Questa volta si è parlato de: Beati i misericordiosi perché troveranno misericordia, di seguito alcune delle riflessioni di padre Jesus Fernandez.

“Dobbiamo amare il nostro prossimo non quando lo merita, ma per il fatto che è il nostro prossimo, chiunque sia, anche se è un nemico. La giustizia esige che il trasgressore si penta; ma la misericordia, che è l’essenza di un cuore libero e felice, esige che il trasgressore sia sinceramente perdonato, anche se non mostra alcun pentimento per la colpa. Cristo non tollera che venga posto un limite per perdonare il trasgressore. Ogni miseria morale, qualunque essa sia, richiede la misericordia del cristiano, se vuole essere figlio del Padre Celeste, perché è così che ci ha creati: perfetti nella misericordia.

Alcuni dicono che la misericordia annulla praticamente la distinzione tra il bene e il male. Non è vero: quanti volontari aiutano, in carcere, persone che hanno rubato, maltrattato, violentato e persino commesso un omicidio! Queste persone sono rifiutate dalla società, ma ci sono religiosi e volontari che dedicano parte del loro tempo ad aiutarli, con generosità, per riparare i danni fatti. Non è affatto debole o vigliacco il generoso che tende la mano a chi lo ha insultato o gli ha fatto un male quasi irreparabile: è invece un gesto che lo onora, che lo rende coraggioso. La misericordia è un atto di un uomo coraggioso e richiede grande forza di volontà ma, soprattutto, molta generosità e rinuncia a se stesso.

Il perdono non è, quindi, un atto di debolezza, ma è un atto di fortezza. Questa forza non è durezza; è mitezza, umiltà, fermezza, restauro, edificazione, resurrezione.

Sì, la misericordia è in grado di far risorgere uno che era morto per il suo egoismo.

Quando offendiamo qualcuno, in genere, sentiamo il desiderio di chiedere perdono. Sicuramente quando offendiamo una persona cara passiamo un brutto momento; forse non siamo stati padroni di noi stessi; forse abbiamo agito sotto presi dalla rabbia, dall’orgoglio o dall’egoismo. Abbiamo bisogno di perdono, ed è per questo che dobbiamo anche perdonare.

Nonostante il nostro senso di colpa, abbiamo il desiderio di avere un po’ di pietà per noi stessi, di avere pietà per gli altri: chi non ha pietà per gli altri non ha pietà neanche per se stesso.  A volte possiamo dire: “Io perdono, ma non dimentico”. Questa è una contraffazione del perdono.

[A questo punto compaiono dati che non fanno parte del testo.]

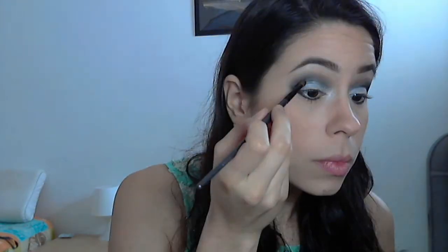Here I'm taking a small brush again and applying the black eyeshadow on the lower lash line — not on the waterline, but on the lower lash line. Since blending takes away the color a bit, I'm going to go in with a shadow applying brush again to make the black a little more intense on the top.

Una cosa è non voler dimenticare e un’altra cercare di dimenticare, anche se è molto difficile. Ci sono offese difficili da dimenticare; ma con la preghiera e l’offerta, la sofferenza procurata dall’offesa sarà gradualmente rimossa. Può durare un giorno, un mese o anche anni. Alla fine, con la preghiera, si può uscire da quel tipo di prigione che ci ha creato il risentimento, generato dall’offesa.

Possiamo chiuderci in una freddezza calcolata e saremo invasi dalla sfiducia, dall’amarezza e dalla tristezza, soffocando la bontà che, più o meno nascosta, sta in tutti noi. Dimentichiamo e dimenticheremo, solo se perdoniamo davvero.

Una volta che staremo totalmente al cospetto del Padre, arrossiremo per i nostri piccoli o grandi rancori, al contemplare la misericordia che le Persone divine hanno avuto con noi. Sono già troppe le difficoltà e i problemi che la vita riserva, perché io debba stare ad aggiungere altri inutili dispiaceri, quando non sono in grado di avere pietà. Chi non perdona non saprà mai cos’è la vera libertà. Il risentimento rende schiavi. È forse una delle peggiori forme di schiavitù.”